Lagoona Bloo is the stage name of David Brumfield, a New York City-based recording artist and drag queen.

== Career ==
In 2021, Lagoona entered the music scene when she wrote and released her first two singles, "Greedy With My Love" (which has accrued over 400,000 streams on Spotify) and “Hands”, along with her debut EP, AQUA, and her original holiday bop, "Bloo Christmas." In 2022, she released new singles "C U Tonight", "Sticky Sweet" (with RuPaul's Drag Race alum, Lemon), and "Say It To The Sky". In 2023, Lagoona released the single "Still Around" and a cover of "Boom, Boom, Boom, Boom!!" featuring Alaska, which is the first single off of her debut studio album Underwater Bubble Pop.
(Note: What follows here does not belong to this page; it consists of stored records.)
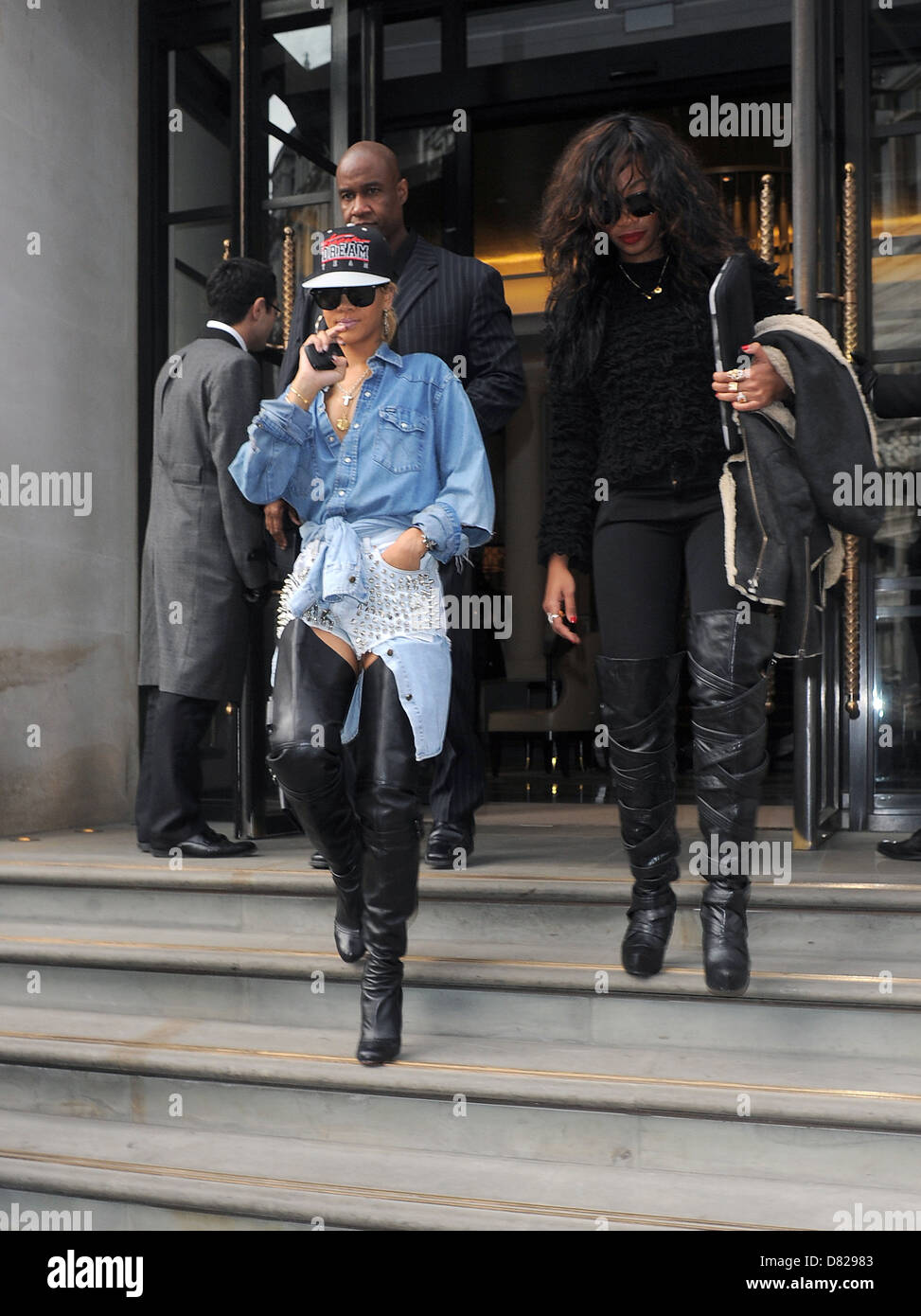 Rihanna lasciando il suo hotel a registrare uno spettacolo TV, indossando una maglietta del denim, denim mini gonna con perni di metallo, ginocchio e stivali alti! Foto Stock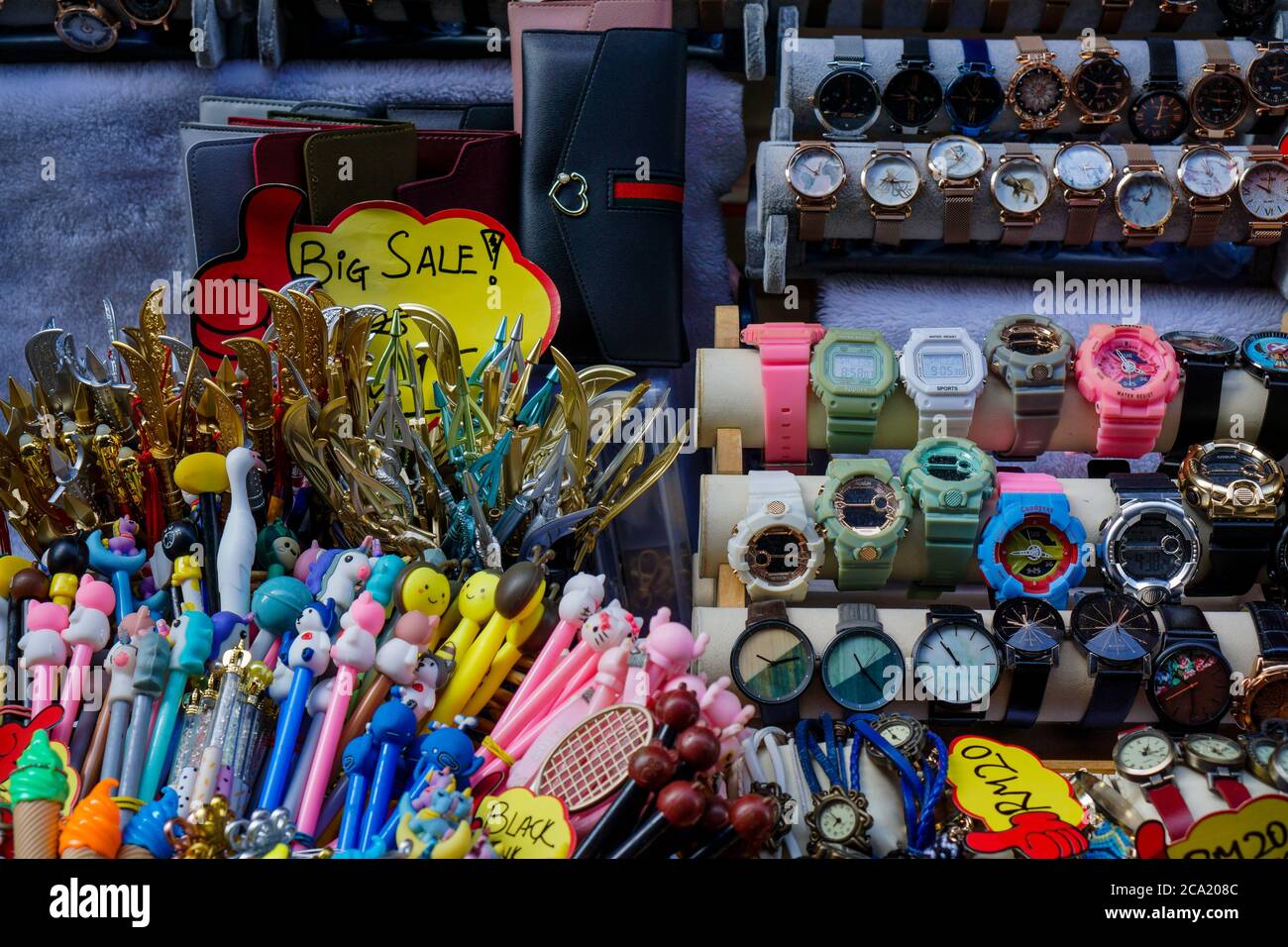 Ipoh, Malaysia - 25 Luglio 2020 : varietà di orologi contraffatti o di marca di abbattere al negozio di souvenir, concubine corsia, la vendita a prezzi economici. Foto Stock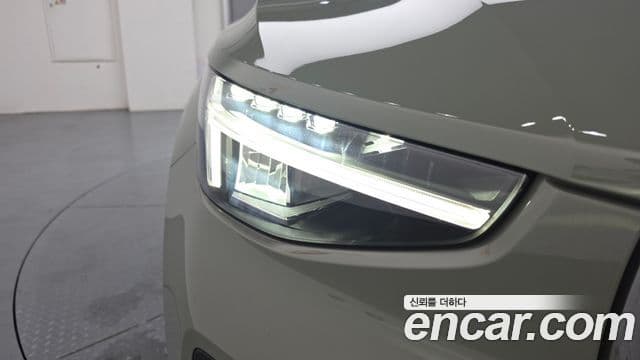 Volvo XC40 2023 — Photo 12/32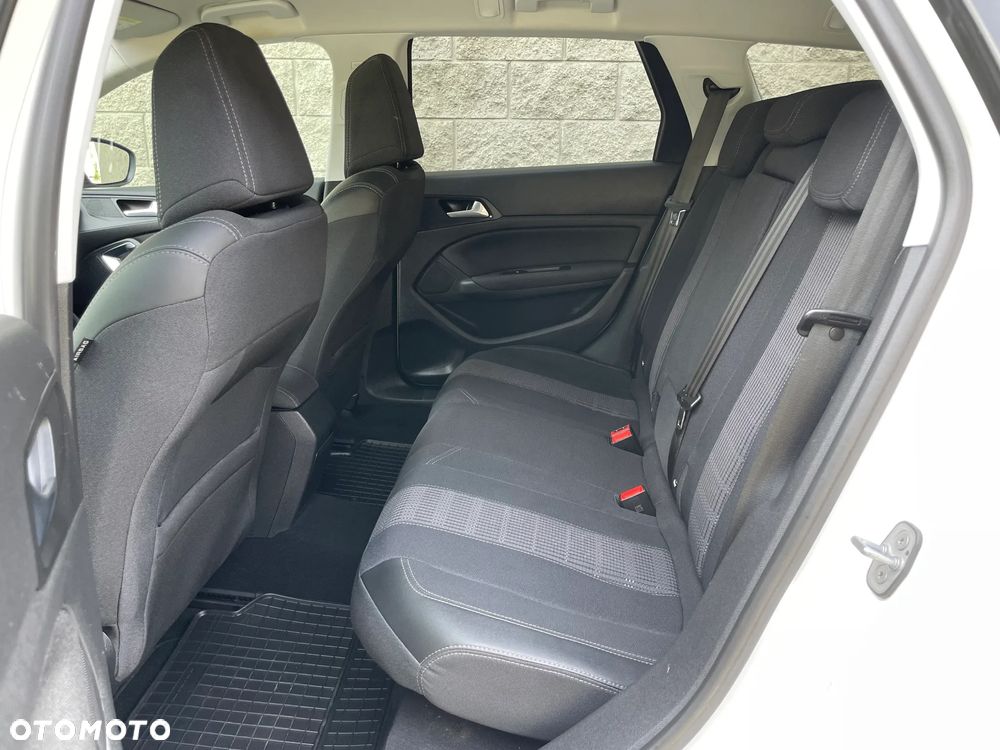 Peugeot 308 BlueHDi 130 Stop & Start Allure - 10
Her debut studio album, Underwater Bubble Pop, was released on April 26th, 2024.

Lagoona is the recipient of two 2022 Glam Awards for Best Vocalist and Best Cabaret Show (for Bloos in the Night). As a member of drag pop vocal trio Stephanie's Child (with drag sisters Jan and Rosé), Lagoona appeared on NBC's The Voice (alongside Jessie J) and America's Got Talent. Stephanie's Child released their first EP, Christmas Dolls: Volume I at the end of 2020, and were most recently featured on Alaska's song, "Girlz Night" from her studio album Red 4 Filth.

Lagoona was also featured on an episode of Netflix's Emmy award-winning series Nailed It! where she and her teammate Selma Nilla brought home the top prize.

Lagoona has been featured in national commercials for Uber and Beats by Dr. Dre, as well as multiple social media campaigns for Bubly Sparkling Water (with Kim Petras). Some of Lagoona's most notable live performances include World Pride, London Pride, singing with the American Pops Orchestra, opening for Vincint at Irving Plaza, and originating the role of Tuna Turner in "Drag: The Musical" at The Bourbon Room in Los Angeles and Off-Broadway at New World Stages in New York City. Lagoona also appears on its soundtrack on the songs "Welcome To The Fishtank" and "Drag Is Expensive." She opened for RuPaul's Drag Race All Stars Season 2 winner Alaska Thunderfuck on her 34-city Red 4 Filth tour. She most recently opened for Aqua in New York City on June 26, 2023.